Rimango piacevolmente stupita da Junun. Certo, non è nelle mie corde, anche se il progetto, specie nella sua versione documentaristica girata da Paul Thomas Anderson, è decisamente interessante. Jhonny Greenwood la fa da padrone, circondato dai componenti dell’orchestra indiana Rajasthan Express e dall’iraniano Shye Ben Tzur, alla voce. La cosa divertente è che i musicisti salgono tutti sul palco per provare insieme prima dell’inizio del vero e proprio concerto, ma l’energia e la voglia di suonare sono così forti da coinvolgere tutto il pubblico, portando il fonico a far iniziare tutto una decina di minuti prima del previsto.

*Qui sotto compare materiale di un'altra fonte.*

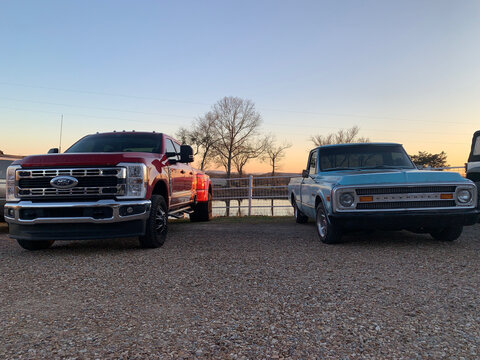 February 21, 2026, Pocola, Oklahoma, New Ford Truck and vintage Chevrolet Truck parked, showing compare and contrast in technology and styling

Ascolto poi qualche pezzo del tributo a David Bowie di Seu Jorge, ma il mio amore per il Duca bianco non mi lascia comprendere a fondo questo tipo di celebrazione, anche se tutti cantano in coro i brani più famosi dell’artista inglese.

Sleep, foto di Nuria Rius

Il muro di amplificatori degli Sleep mi fa riprendere fiducia nell’umanità. La storica stoner band californiana offre al pubblico esattamente ciò che si aspetta: pochi pezzi eseguiti magistralmente, a petto nudo, col vento tra le barbe e i capelli, i volumi insostenibili che apprezziamo scuotendo le teste a tempo e l’apice “Dragonaut” che, nonostante non si presti esattamente al pogo, scatena i corpi dei presenti che oscillano violentemente scontrandosi uno con l’altro.

Vedo di sfuggita qualche pezzo di King Krule e mi chiedo come possa uscire quella voce da un corpo così secco e poi decido di sedermi in riva al mare, godendomi gli Japandroids da lontano.

Sono abbastanza stanca e decido di abbandonare senza troppe pretese il terzo giorno di festival.

La domenica è dedicata ai live che si concentrano in location esterne, dando la possibilità a diverse aree della città di animarsi. Ho quindi concluso il mio Primavera con una delle band storiche, presenti in quasi tutte le edizioni: gli Shellac. La Sala Apolo è gremita di gente e, nonostante la scaletta sia pressoché la stessa da anni, il pubblico apprezza, saltando e gridando i pezzi della band. “Steady As She Goes” è una delle mie canzoni preferite di sempre e il trio capitanato da Albini mi regala anche “Prayer To God”, esattamente il pezzo che più di addice al mio umore delle ultime settimane.

Anche quest’anno il Primavera è finito, con tutto ciò che c’è di bello, con tutti i suoi intoppi, con tutta la gente che è lì per caso o che si è mossa da un altro continente, con le vesciche ai piedi e l’ansia di non svegliarsi in tempo per prendere l’aereo del ritorno.

Anche quest’anno il Primavera è finito e “We’ve to go back, Kate”.